That fast enough is good enough shouldn't be a hot take?

But if you are implying that the web today is fast enough that for sure is a hot take. Our industry most certainly don't care the slightest about performance nor user experience.

Popups alone are proof of that.

A lot of people worry about super-scale prematurely, thinking that "fast enough" for each individual user means needing to be as far as possible because your have a great many users making concurrent requests.

Somewhat counter-intuitively to some: this way if thinking can actually make things needlessly less responsive for the individual users because of the "over-architecting" it can cause.

My home page could get on this site if I reduce the amount of CSS, but I already have it remove unused items from the CSS. Eh, fun project for another day.
x.com
Probably fails rule 3.
also, probably, rule 5 - I wasn't able to find x.com submission on HN or reddit with 100 points (reddit search is broken, BTW).
I'm sad...I tested my page and its 14.1k. I suppose I should remove that header image.
Berkshirehathaway.com would have made the list if they dropped Google Analytics.
On one hand I love this, but most of these sites are terrible and would have benefited from changes that would push it above 10kb.

Small sizes at extreme cost to UX is not worth it.

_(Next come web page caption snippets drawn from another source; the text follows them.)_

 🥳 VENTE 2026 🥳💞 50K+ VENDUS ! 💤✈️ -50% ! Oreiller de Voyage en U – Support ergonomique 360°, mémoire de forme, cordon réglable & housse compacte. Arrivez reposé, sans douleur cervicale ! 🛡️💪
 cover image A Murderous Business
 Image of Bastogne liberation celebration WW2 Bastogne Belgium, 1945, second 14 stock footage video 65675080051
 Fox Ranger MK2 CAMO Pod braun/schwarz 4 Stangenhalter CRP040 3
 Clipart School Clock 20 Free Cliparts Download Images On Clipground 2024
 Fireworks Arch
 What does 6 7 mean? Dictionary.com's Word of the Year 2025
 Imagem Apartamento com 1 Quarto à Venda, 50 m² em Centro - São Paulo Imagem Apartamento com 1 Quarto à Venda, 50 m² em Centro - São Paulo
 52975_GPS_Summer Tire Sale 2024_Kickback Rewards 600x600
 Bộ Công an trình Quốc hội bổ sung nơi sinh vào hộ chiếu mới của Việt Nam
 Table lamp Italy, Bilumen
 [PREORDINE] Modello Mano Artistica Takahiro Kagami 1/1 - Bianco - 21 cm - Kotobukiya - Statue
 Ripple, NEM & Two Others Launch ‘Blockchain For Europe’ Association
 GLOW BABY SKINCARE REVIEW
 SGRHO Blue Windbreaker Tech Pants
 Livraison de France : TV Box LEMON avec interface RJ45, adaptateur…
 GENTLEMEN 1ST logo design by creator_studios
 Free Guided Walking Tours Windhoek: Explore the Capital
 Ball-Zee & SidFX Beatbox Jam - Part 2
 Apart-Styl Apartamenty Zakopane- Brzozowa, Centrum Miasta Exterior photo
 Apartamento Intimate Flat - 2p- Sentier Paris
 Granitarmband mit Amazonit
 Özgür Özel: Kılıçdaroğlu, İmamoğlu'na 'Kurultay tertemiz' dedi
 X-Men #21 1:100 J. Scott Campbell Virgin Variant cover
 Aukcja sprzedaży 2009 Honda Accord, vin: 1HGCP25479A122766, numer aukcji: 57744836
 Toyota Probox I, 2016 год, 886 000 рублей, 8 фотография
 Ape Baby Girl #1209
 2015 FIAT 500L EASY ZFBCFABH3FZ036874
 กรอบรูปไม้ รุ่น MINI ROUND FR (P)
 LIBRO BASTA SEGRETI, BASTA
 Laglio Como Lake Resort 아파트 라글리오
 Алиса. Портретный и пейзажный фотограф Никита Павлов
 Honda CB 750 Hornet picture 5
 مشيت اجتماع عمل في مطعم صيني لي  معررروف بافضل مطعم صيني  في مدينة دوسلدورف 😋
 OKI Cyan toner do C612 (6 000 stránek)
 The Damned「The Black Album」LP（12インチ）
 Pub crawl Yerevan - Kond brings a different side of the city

The user experience is excellent.

Can you point to a specific problem?

I guess they did not mean the linked site itself, but most of the linked sites. They seem to be personal sites of individual people (developers, bloggers), and typically contain few paragraphs of unstyled text (Black font on white background) and few links. Which might be perfectly fine for such pages, but you can't build, for example, your company website this way. Even putting your company logo in decent resolution would push you over the limit :)
> Even putting your company logo in decent resolution would push you over the limit :)

Not wishing to disagree with the rest of your comment, but I expect many company logos can fit within the limit and look good when represented in compressed SVG (.svgz). Those can also be inlined on a home page to reduce initial view latency.

So, specifically what's wrong? It looks no-nonsense and to-the-point.

Were you unable to find the information you wanted?

Was the site confusing?

Or it was just aesthetically unpleasant?

Titles would have improved the U.X at no cost. A mailto link might have as well, personally I don't like them but a lot of people find them useful. Also styling for the resume would have improved the reading ease.

It's not just a matter of aesthetic, it's a matter of visual parsing.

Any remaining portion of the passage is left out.